Les rapporteures jugent ainsi crucial de rétablir la cohérence des dispositifs d'aménagement des peines, en revenant sur les dispositions issues de la loi n° 2019-222 du 23 mars 2019 de programmation 2018-2022 et de réforme pour la justice en la matière. Ces dernières ont en effet abouti au résultat inverse à celui escompté par le législateur ; l'aménagement comme l'individualisation des peines n'en ont pas été améliorés, la lisibilité de la sanction en a été gravement altérée et la surpopulation carcérale s'est accentuée.

La mission préconise donc, en complément de la suppression déjà évoquée des dispositions imposant une motivation spéciale pour l'exécution des peines de prison ferme, de rétablir la faculté du juge d'aménager ab initio les peines d'une durée inférieure ou égale à deux ans.

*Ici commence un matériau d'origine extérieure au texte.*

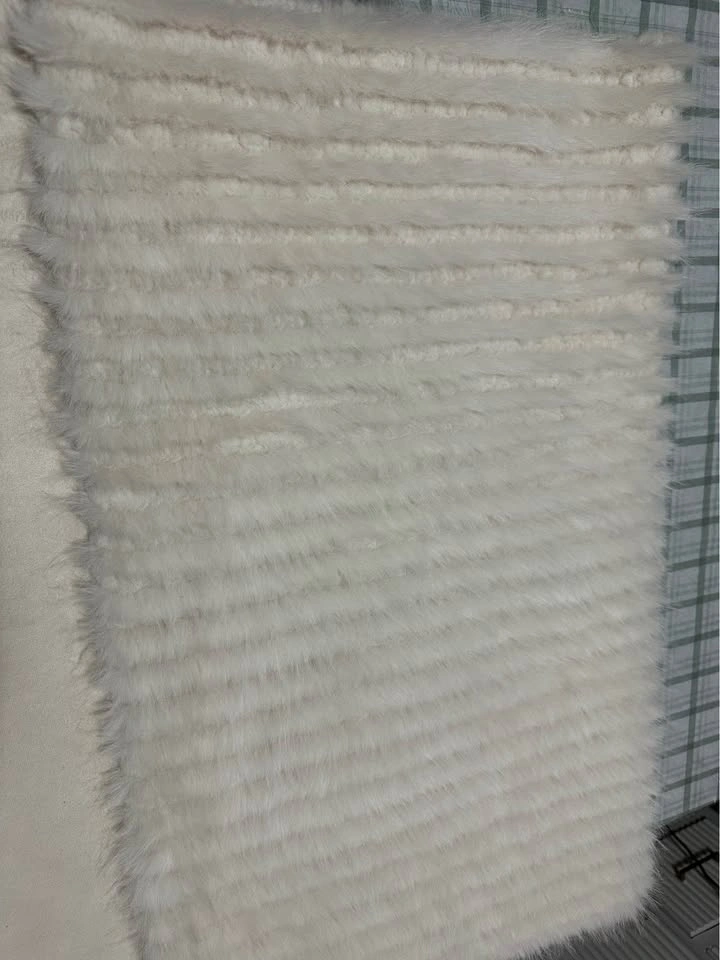 Silhouette Home Faux Fur Rug - photo 4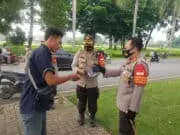 Kapolresta Tangerang Pimpin Operasi Yustisi, 20 Pelanggar Diberi Edukasi dan Masker Kapolresta Tangerang Pimpin Operasi Yustisi, 20 Pelanggar Diberi Edukasi dan Masker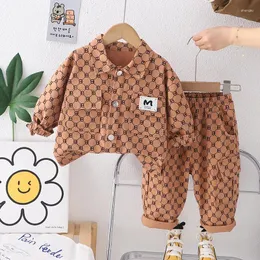 Set di abbigliamento per bambini e ragazzi Abiti firmati di lusso 2024 Primavera Lettera stampata con risvolti Collo e giacche Pantaloni 2 pezzi Set di abiti per bambini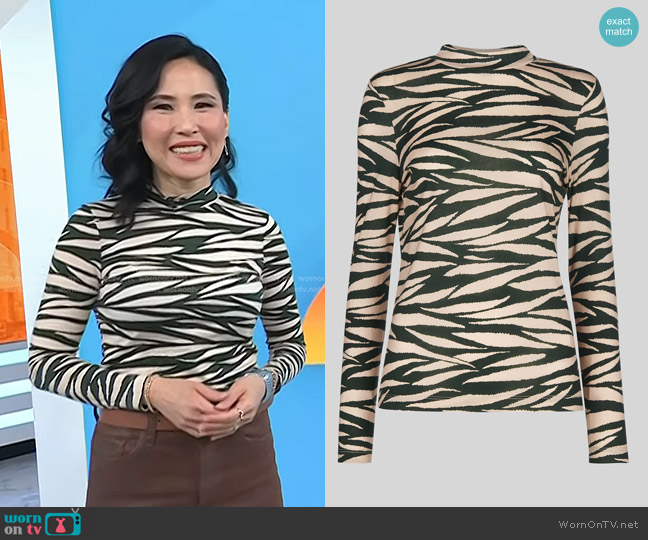 Whistles Tiger Stripe Essential Top worn by Vicky Nguyen on Today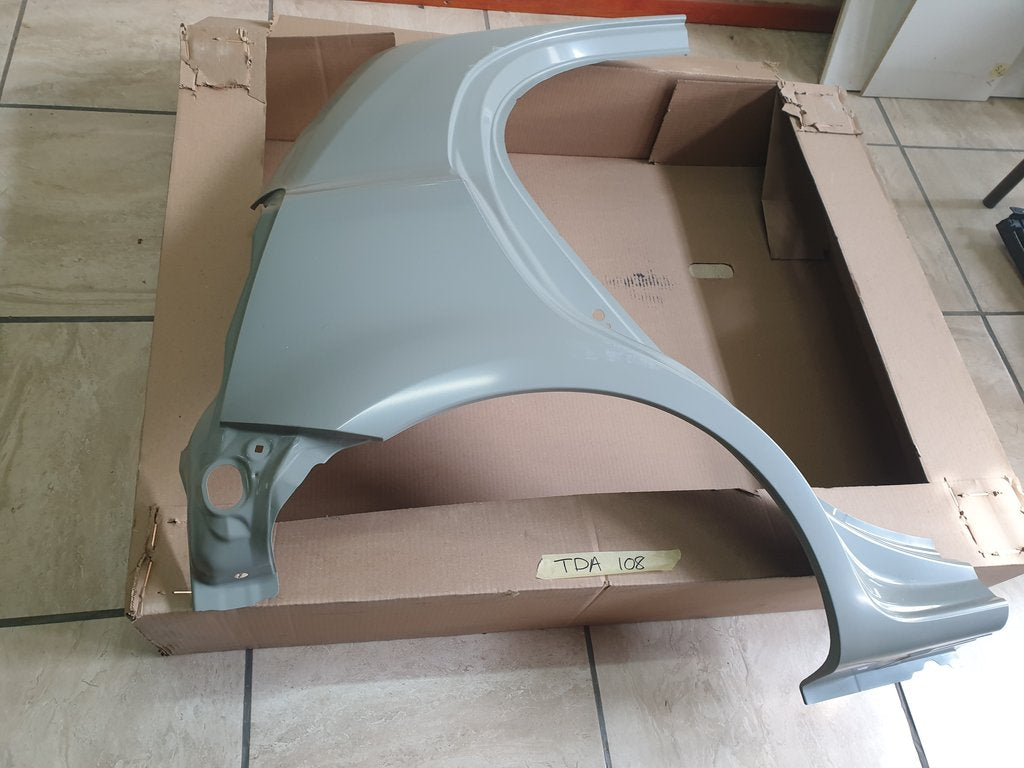 Toyota Etios Hatchback 2012, 2013, 2014, 2015, 2016, 2017, 2018, 2019, 2020 Right Rear Fender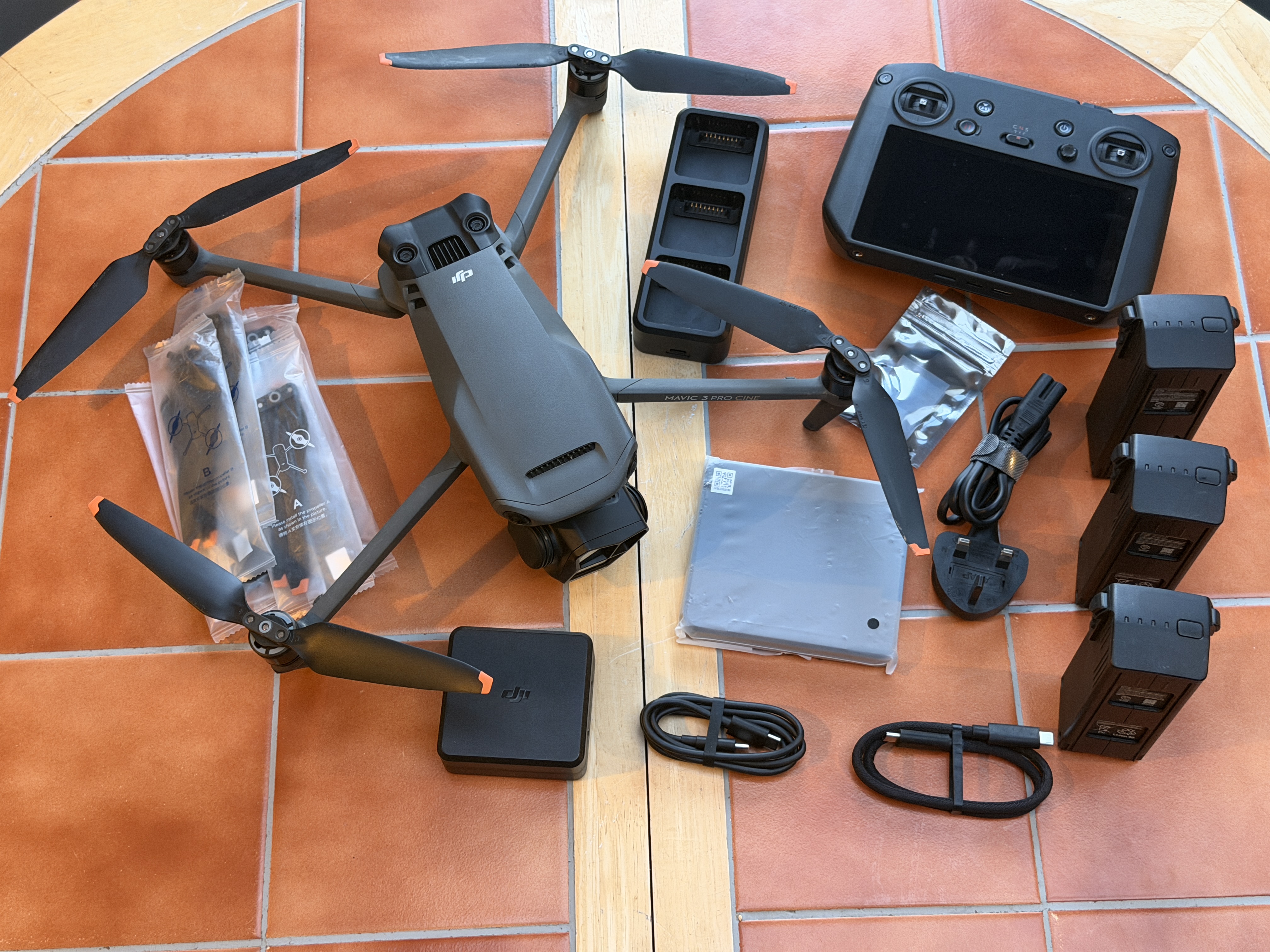 Dji mavic 3 pro cine fly more combo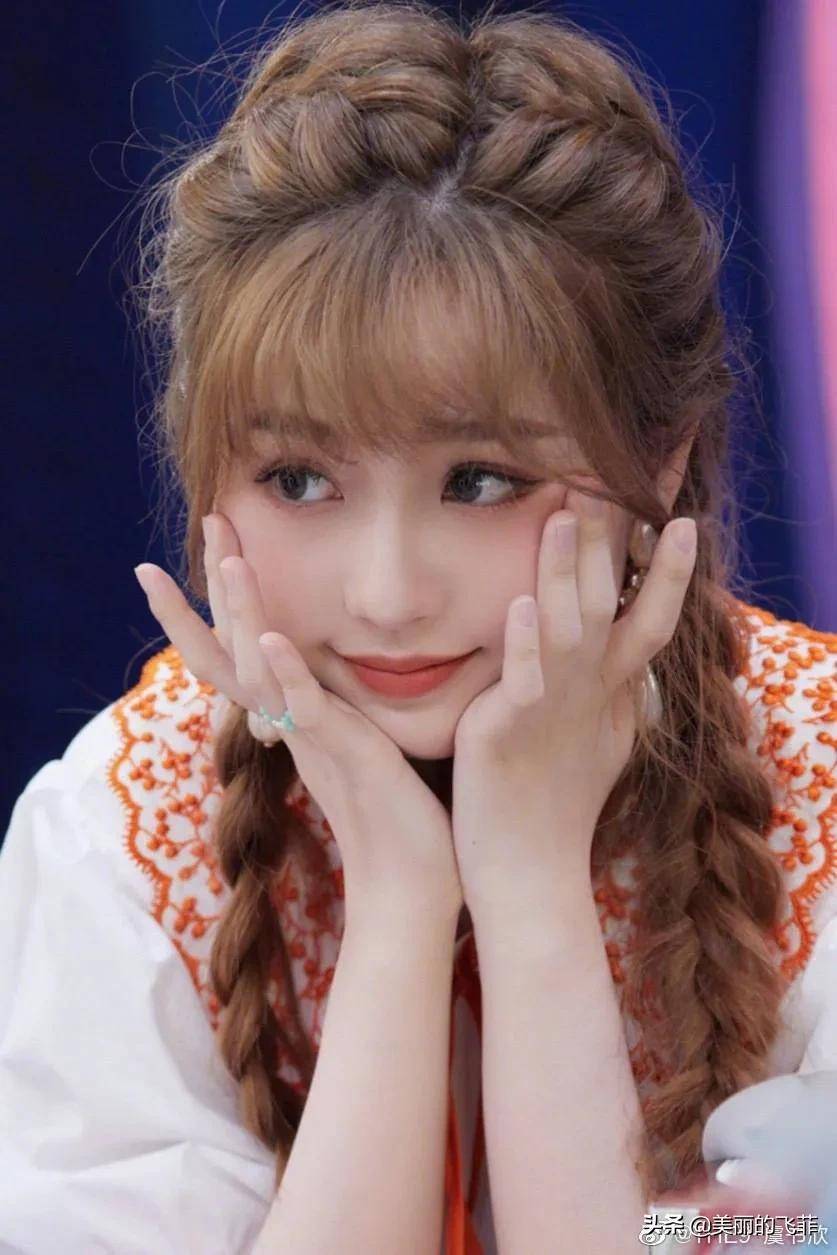 虞书欣,95年出生于上海市,我们内地女演员,歌手,女子演唱组合the9成员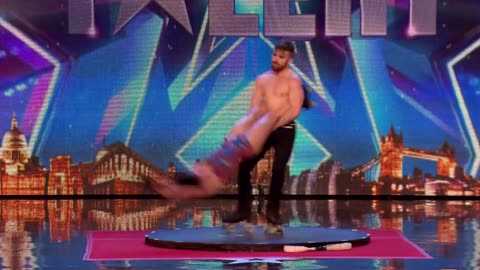 Sexy Couple Blow The Judges Minds Away With Their Skills!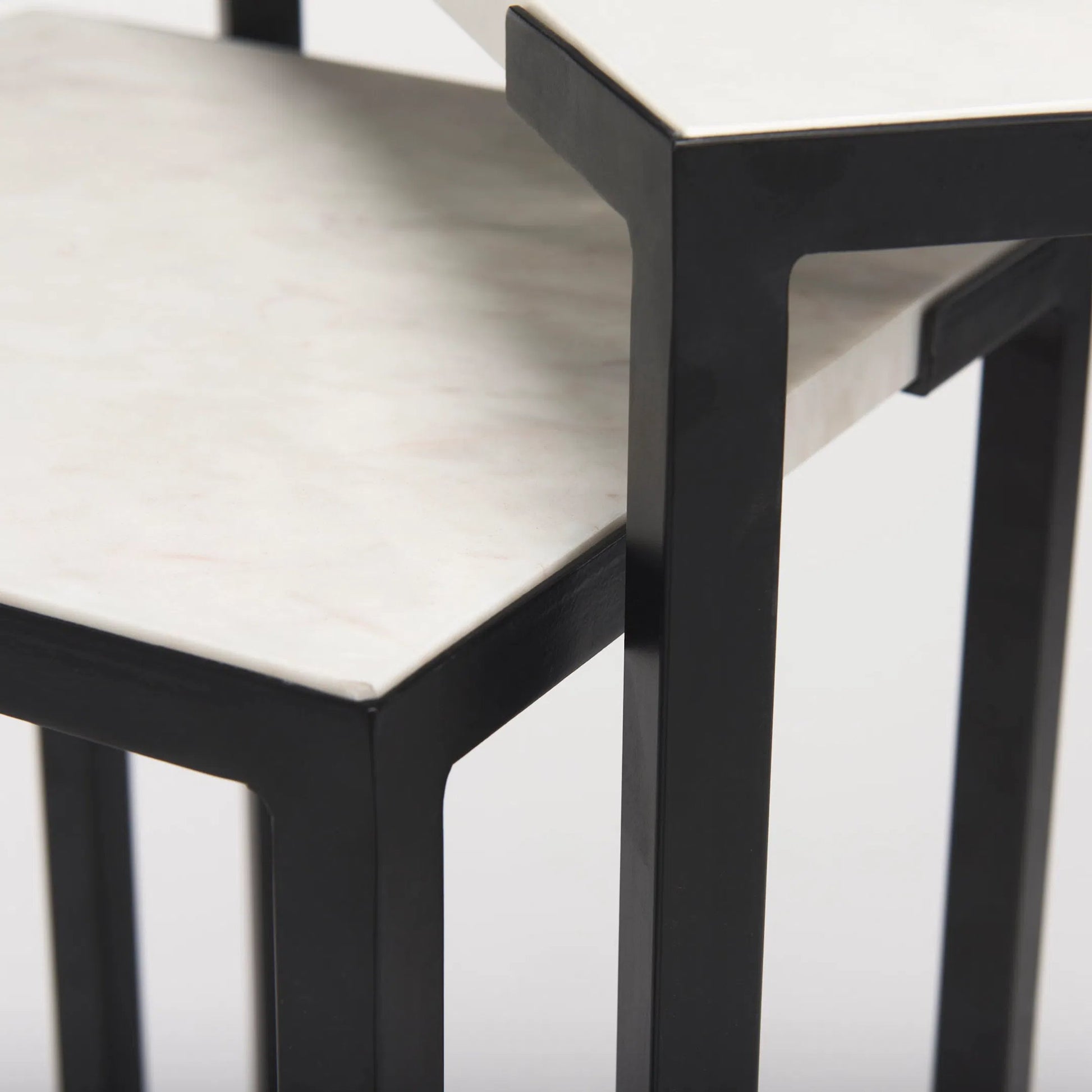 Lucas Accent Table by Mercana in white, matte black. Made from marble, iron in a modern style.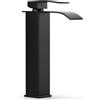 VOLTIX Rubinetto per Bagno a Cascata - Miscelatore Monocomando per Lavabo con Risparmio Idrico - Regolabile per Acqua Calda e Fredda - Rubinetto Lavabo Moderno Design Elegante per Bagno (Nero/Alto)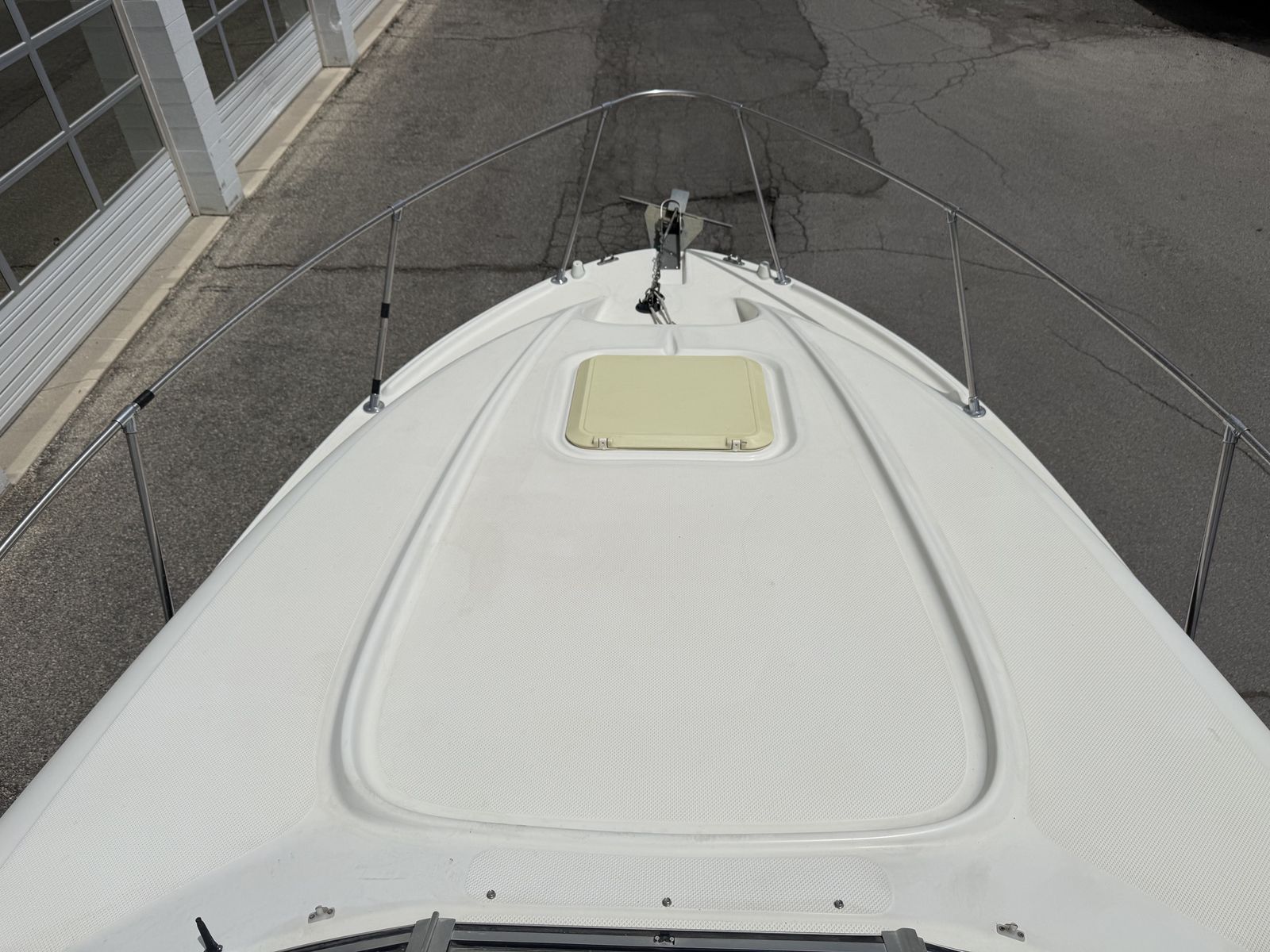 Main image 10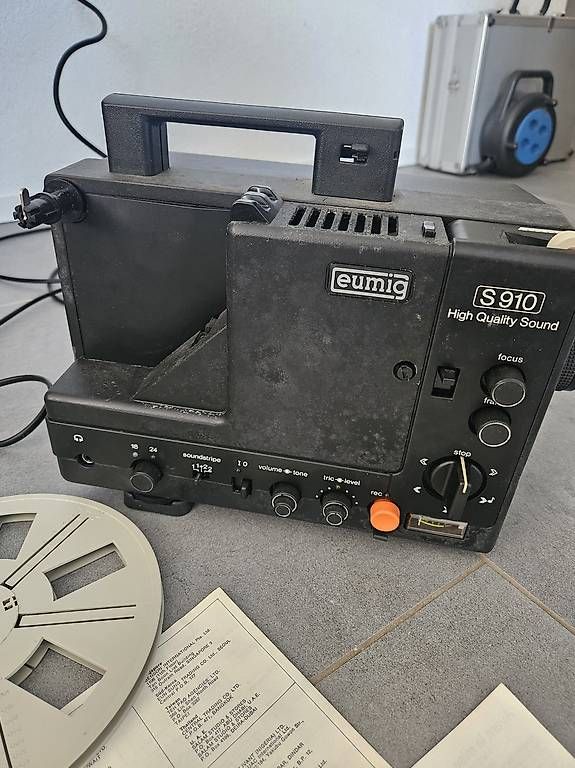 Home Cinema: Super 8 Eumig /S910 – Usato da Orny venduto da Corinne065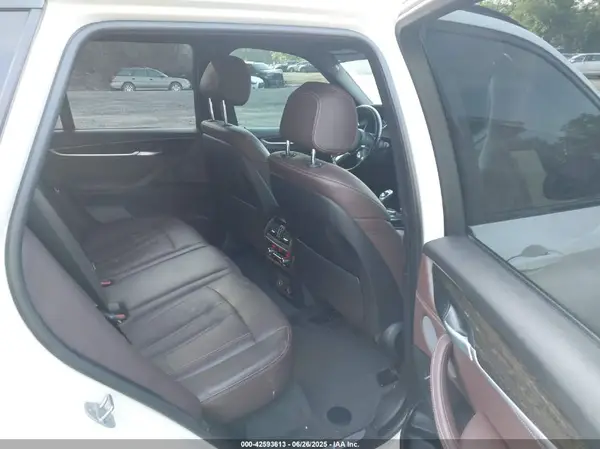 5UXKR0C52H0V49618 2017 BMW X5 - Image 8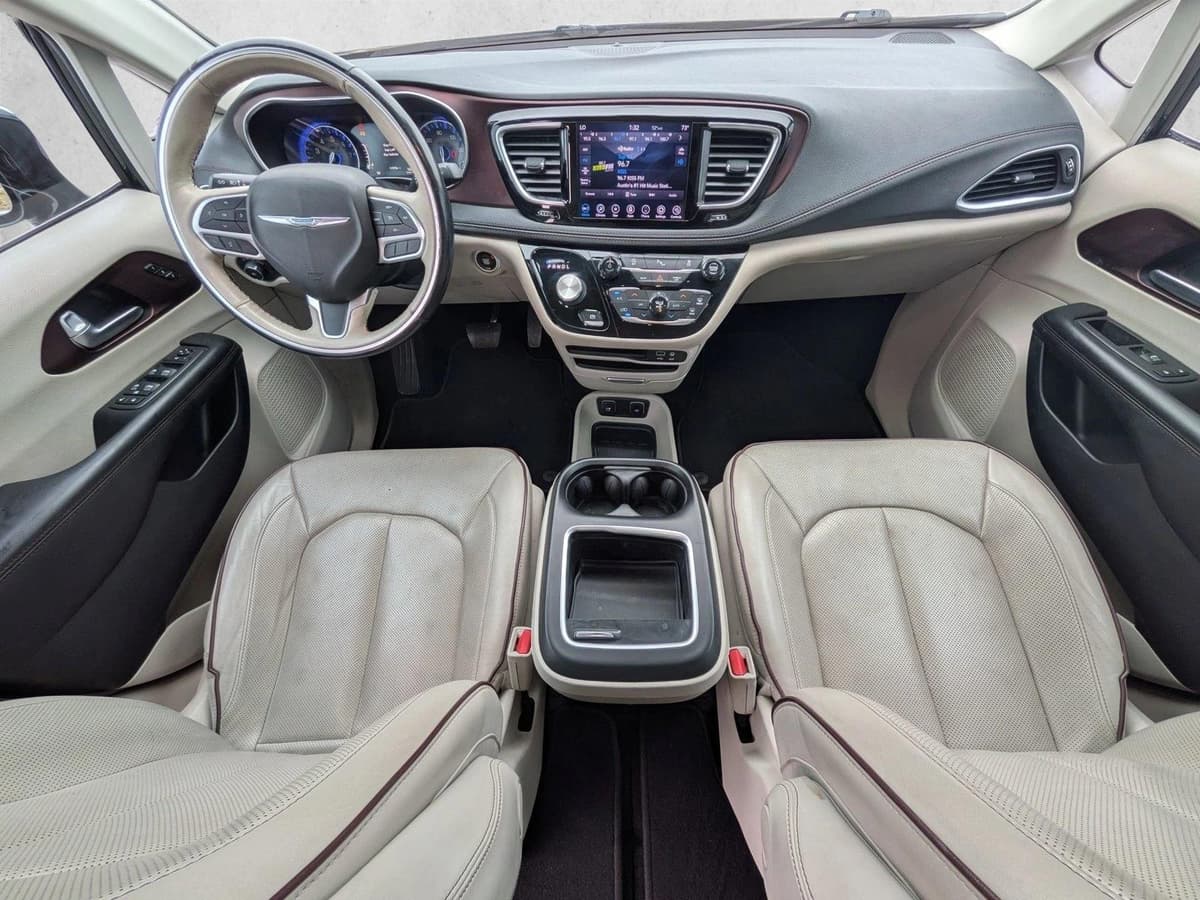 2020 Chrysler Pacifica - Image 18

Les rapporteures estiment, par ailleurs, qu'un aménagement ab initio ne devrait être décidé par le tribunal correctionnel que s'il dispose d'une enquête sociale suffisamment étayée ; en d'autres termes, la peine ne doit être aménagée que sur le fondement d'éléments permettant d'apprécier avec précision la situation personnelle, familiale et sociale du condamné. Dans tous les autres cas, il doit appartenir au JAP de se prononcer dans un second temps (donc après une courte période d'incarcération) sur l'opportunité comme sur la faisabilité d'un aménagement de la peine.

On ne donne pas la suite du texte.